Constitution: Eleventh Amendment
CONSTITUTION: ELEVENTH AMENDMENT
The Eleventh Amendment bars the federal judiciary from entertaining suits brought by a private citizen against a sovereign state without its consent. On 20 February 1793, only days after the U.S. Supreme Court announced in Chisholm v. Georgia that the federal judiciary had jurisdiction over such suits, a proposed amendment to the Constitution barring such suits was introduced in the Senate.

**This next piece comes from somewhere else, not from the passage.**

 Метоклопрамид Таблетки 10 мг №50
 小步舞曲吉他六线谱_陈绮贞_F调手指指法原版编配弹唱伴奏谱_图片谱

Congress, however, adjourned in early March without taking action.
The Massachusetts and Virginia legislatures passed resolutions denouncing the Supreme Court's Chisholm decision, which sparked debate and similar resolutions in other states by the close of 1793. When the Third Congress convened, a resolution containing the Eleventh Amendment was introduced into the Senate on 2 January 1794. Both houses of Congress soundly defeated proposed limitations to the wording of the amendment. On 14 January, the Senate passed the resolution by a vote of 23 to 2. On 4 March, the House passed the resolution 81 to 9. On 7 February 1795, the last of the requisite twelve of the fifteen state legislatures ratified the amendment. President George Washington, however, had only submitted eight state ratifications to Congress by January 1796. Congress did not certify the amendment until 8 January 1798, when President John Adams transmitted a report from his secretary of state confirming that the requisite number of states had ratified. The amendment's near-universal acceptance reflected a general public wariness of the Supreme Court's assumption of jurisdiction over the rights of the sovereign states in Chisholm. The Court rejected a procedural challenge to the amendment's validity in Hollingsworth v. Virginia (1798) and dismissed cases on its docket brought by individuals against states.
bibliography
Jacobs, Clyde E. The Eleventh Amendment and Sovereign Immunity. Westport, Conn.: Greenwood Press, 1972.
Orth, John V. The Judicial Power of the United States: The Eleventh Amendment in American History. New York: Oxford University Press, 1987.